Like many people I first heard the Human League via their landmark album Dare, which was a fabulous and exhiliarating ride. Once they'd gotten my attention though, it wasn't long before they started to miss the mark, as far as I was concerned. I found myself almost feeling obliged to enjoy later efforts but profoundly dissappointed that nothing came close to moving me to the extent that Dare had. I had lost interest in them a decade or more before they released such candy-floss as "Tell Me When". I never heard Reproduction back in the day, but now, in 2007, I find it to be in part a genuinely exciting experience that to some extent echoes the joy of first hearing "The Things That Dreams Are Made Of" and "Do Or Die", and in part quite frankly a bit gruelling.
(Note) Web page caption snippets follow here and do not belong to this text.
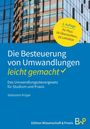 Sebastian Krüger: Die Besteuerung von Umwandlungen - leicht gemacht, Buch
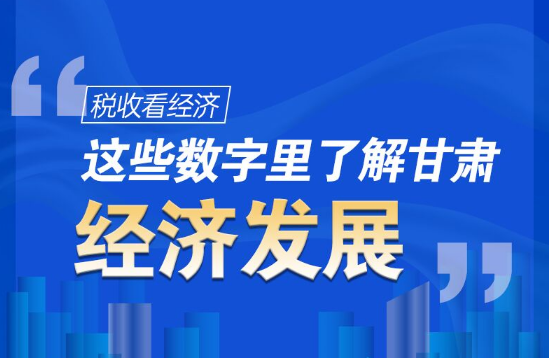 圖解|稅收看經(jīng)濟，這些數(shù)字里了解甘肅經(jīng)濟發(fā)展
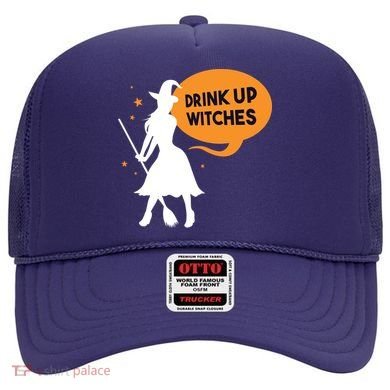 Drink Up Witches Funny Witch Hat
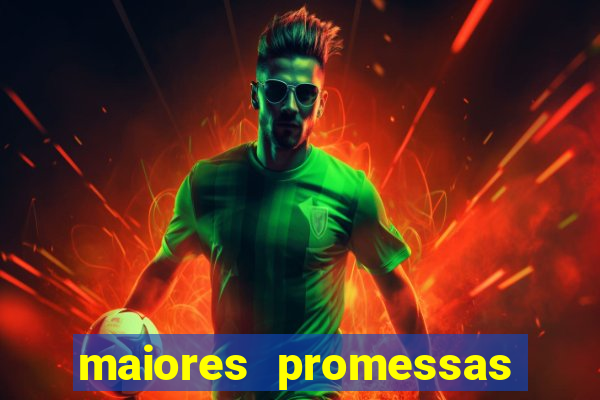 maiores promessas do futebol brasileiro 2022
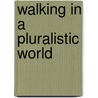 Walking in a pluralistic world by Hendrik M. Vroom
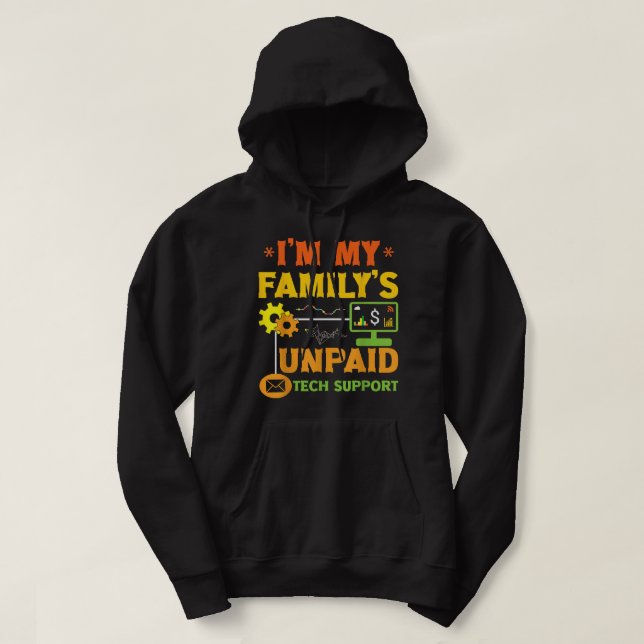 Technology Affinity Tees Im My Familys Unpaid Tech (Design Front)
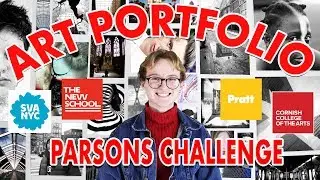 Art School Portfolio + Website Walkthrough (Parsons Challenge) & Scholarships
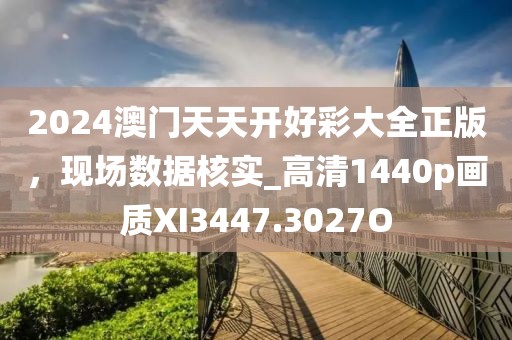 2024澳门天天开好彩大全正版，现场数据核实_高清1440p画质XI3447.3027O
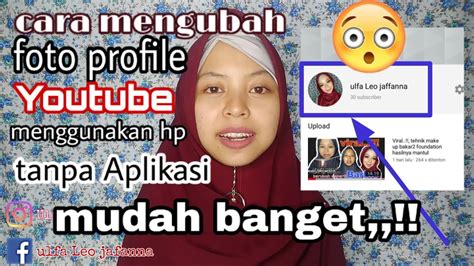 Cara Ganti Foto Profile Youtube Di Hp Terbaru Youtube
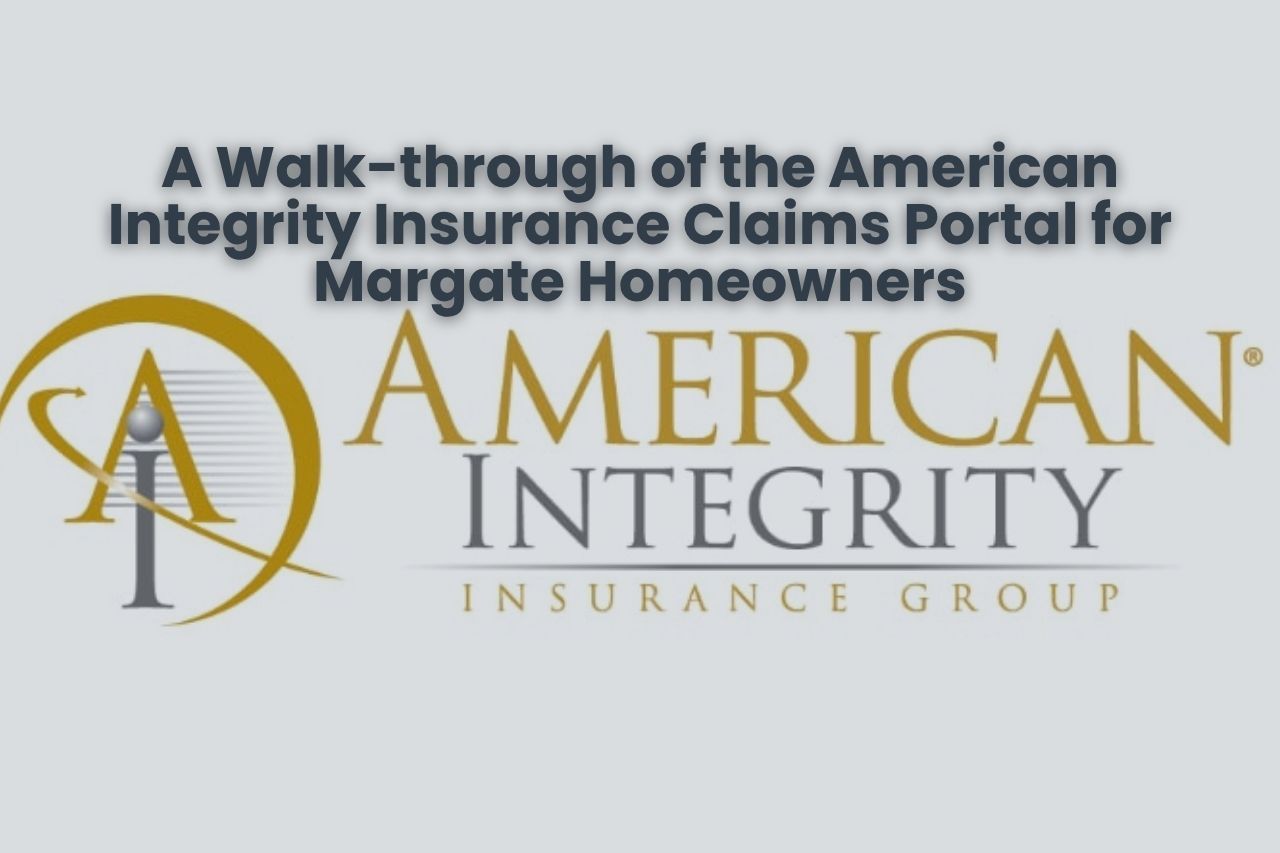 A Walk-through of the American Integrity Insurance Claims Portal for Margate Homeowners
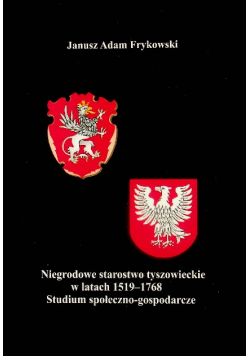 Niegrodowe starostwo tyszowieckie w latach 1519 - 1768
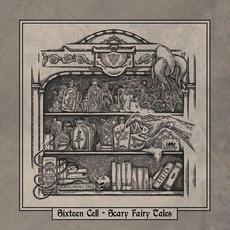 Scary Fairy Tales mp3 Album by Sixteen Cell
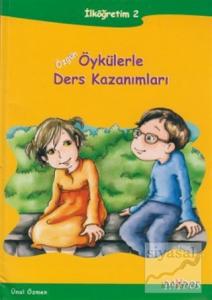 Özgün Öykülerle Ders Kazanımları ve Çalışma Kitabı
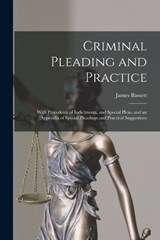 Criminal Pleading and Practice - BASSETT,  James - 9781015001299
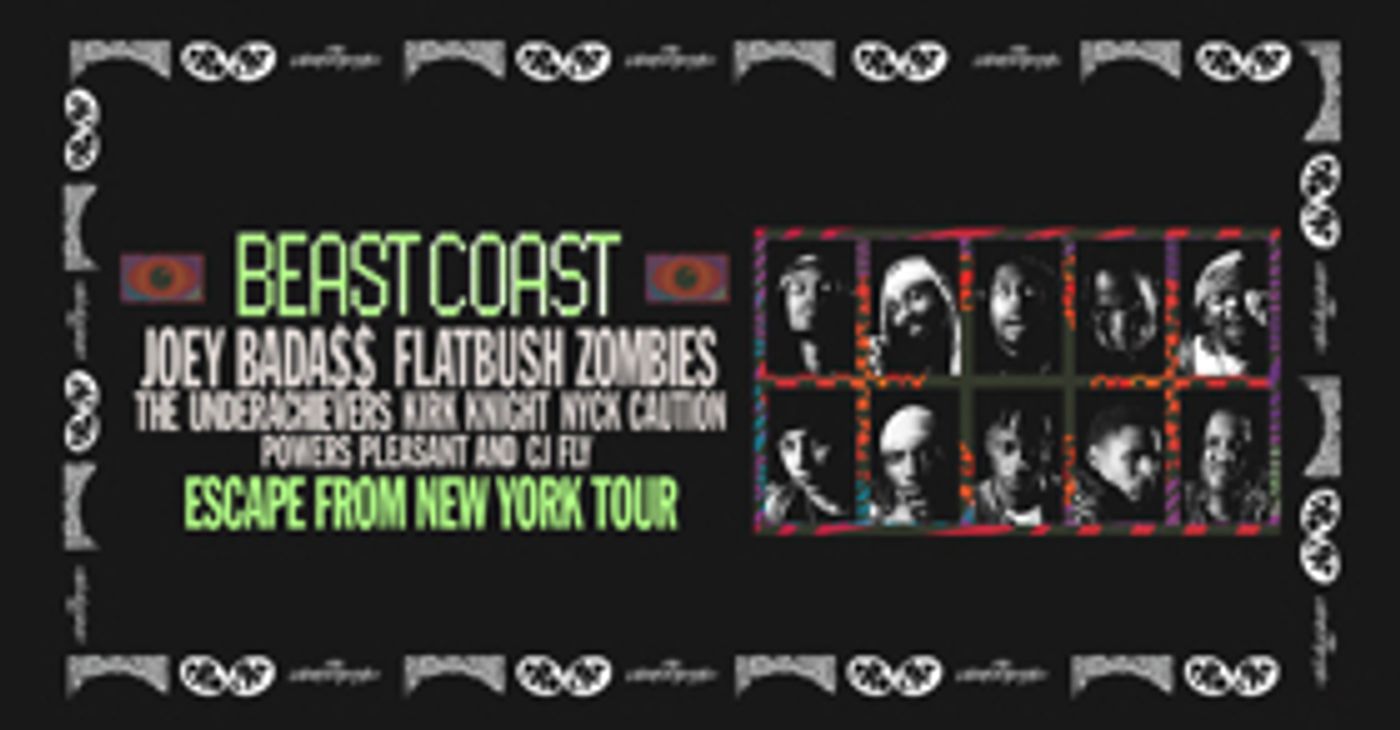 Beast Coast Confirms 'Escape From New York Tour' Beast Coast Confirms 'Escape From New York Tour' Image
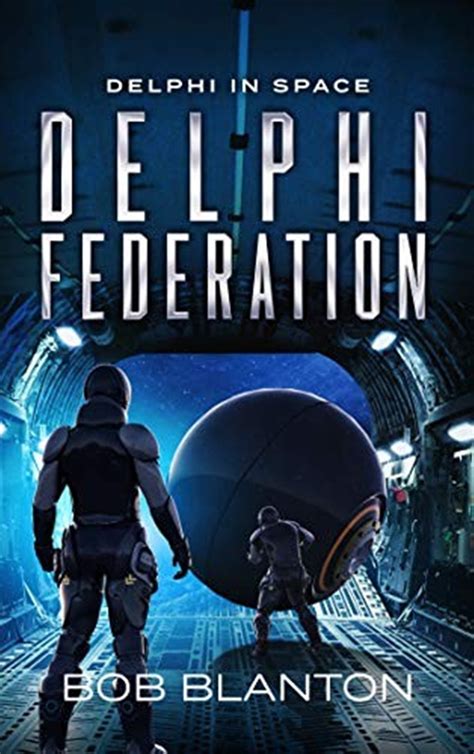 Download Delphi Federation Delphi In Space By Bob Blanton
"Almost Medieval" is a fantastic opener, probably the highlight of the album, and definitely enough in itself to give the band some credibility today as a pioneering act. The disconnected vocals describe dark visions from a confusion of ages, mixing them with a nightmarish here and now, while the rhythm builds and intoxicates. "Almost Medieval" sets the tone for things to come in a fractured, stark and sometimes off-kilter suite of songs that sounds like nobody else, even like a more complete Human League than the one that my generation was familiar with. "The Circus Of Death" and "The Path Of Least Resistance" complete a powerful opening trio of songs that stands with their finest work, if perhaps off to the side in a shady corner. Later on, the single, "Empire State Human" however, proves to be a bit of an anomaly, a compromise of the band's icy apocalyptic vision, with a requirement for something that'd be digestible for more-or-less normal people. It's not a bad track but it isn't an important one in the context of the album, and it is surrounded on all sides by rather sinister bedfellows. As the album progresses some tracks head off down corridors that don't work for me, such as the woozy and elongated "Morale...", whilst "Zero As A Limit" feels like a half-finished idea that falls short of being the memorable finale the album could use.
So this is what the Human League sounded like before they started dancing for dollars, when they were young and edgy. I wouldn't call it a masterpiece, but out of the context of the time and environment in which it was conceived it must surely lose some of it's dimensions for those of us who weren't there. I can appreciate that it must have been an important stepping-stone towards the techno sounds of the 90's and beyond, and the bonus tracks further emphasise this. And then over time they went from the cutting edge to sounding like Bananarama... who'd have thought it.